Terahertz spectroscopy for analysis of vaterite-to-calcite crystal phase transition induced by distilled water
Shuhei Okada, Naoya Kurahashi, Yukihiro Tanida

TL;DR
This paper shows how terahertz spectroscopy can track the transformation of vaterite to calcite in a non-destructive way.
Contribution
The study introduces terahertz spectroscopy as a novel non-invasive method to quantify vaterite-to-calcite phase transitions.
Findings
Terahertz absorption near 3.3 THz correlates linearly with vaterite concentration (R² = 0.934).
The method enables non-destructive evaluation of crystal phase transitions.

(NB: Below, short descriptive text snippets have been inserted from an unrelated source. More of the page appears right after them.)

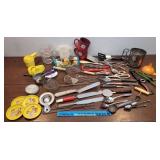 Box kitchen gadgets and utensils - Tupperware,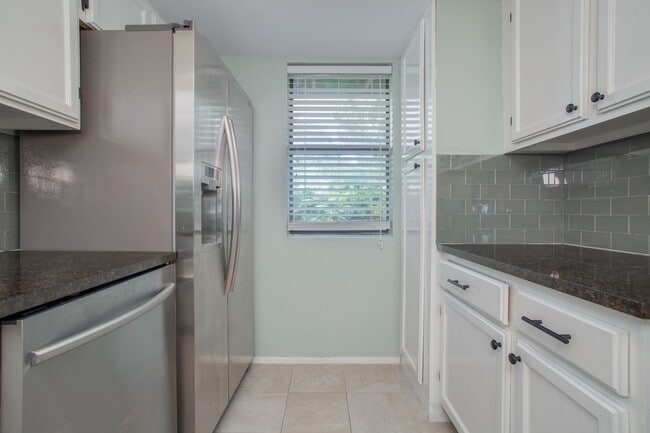 Building Photo - 1135 Barton Hills Dr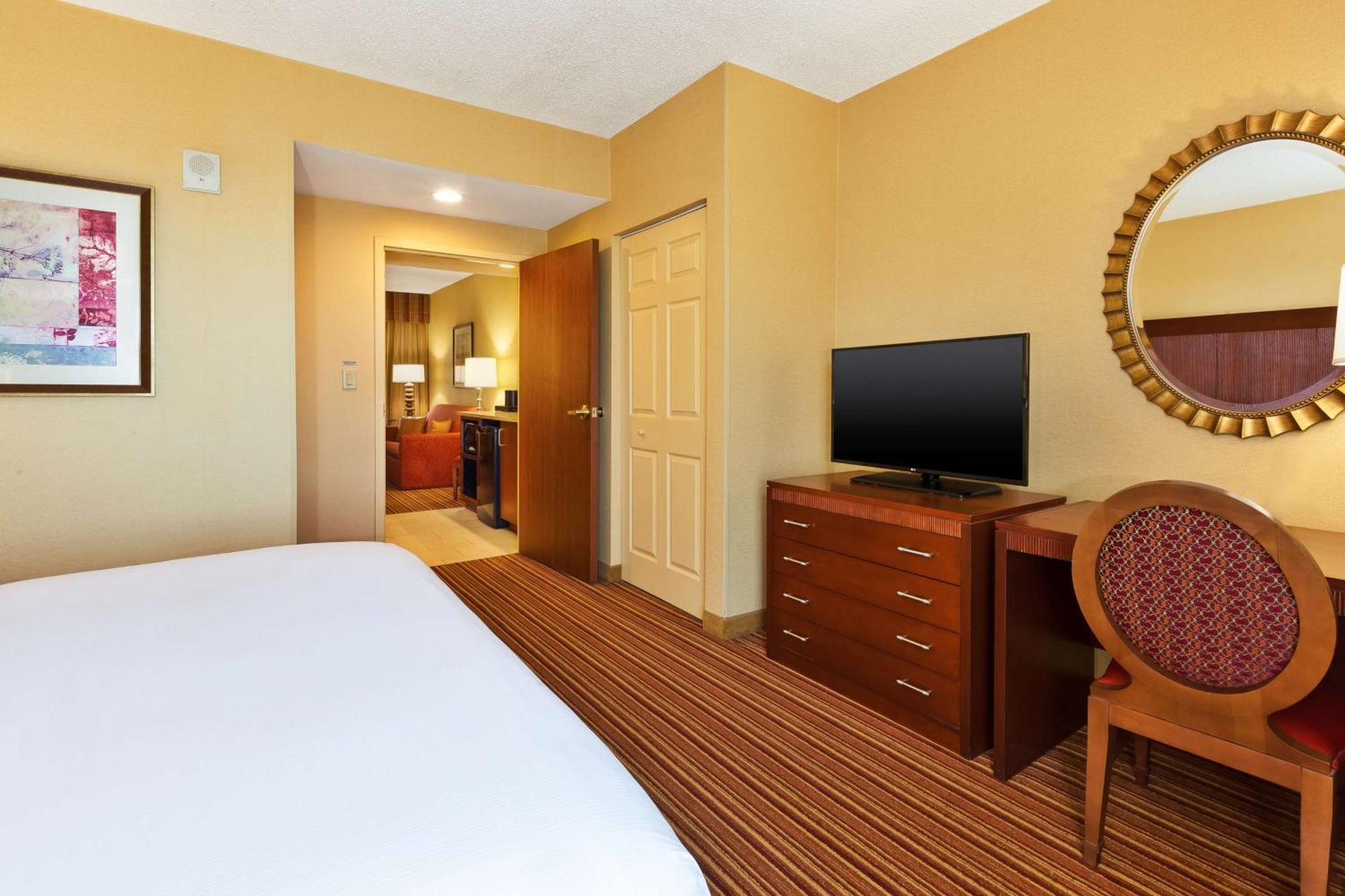 Embassy Suites By Hilton Norman Hotel & Conference Center Extérieur photo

Terahertz spectroscopy is suitable for monitoring vaterite stability and transformation.
Abstract
Vaterite is a crystalline polymorph of anhydrous calcium carbonate (CaCO3), which exhibits relatively low stability compared to other two polymorphs, calcite and aragonite. Vaterite particles have properties such as large specific surface area, high porosity, and high solubility; hence, research has been made in wide range of applications from material additive to drug delivery. X-ray diffractometry (XRD) is capable of identifying polymorphs of calcium carbonate. However, depending on the base material and the installed state, it may not always be suitable for non-destructive observation. This study reveals that vaterite-to-calcite crystal phase transition degree can be quantified by the absorption spectrum in terahertz range. The vaterite concentration and the terahertz absorption peak intensity near 3.3 THz showed linearity with correlation coefficient of R2 = 0.934 in our experiment.…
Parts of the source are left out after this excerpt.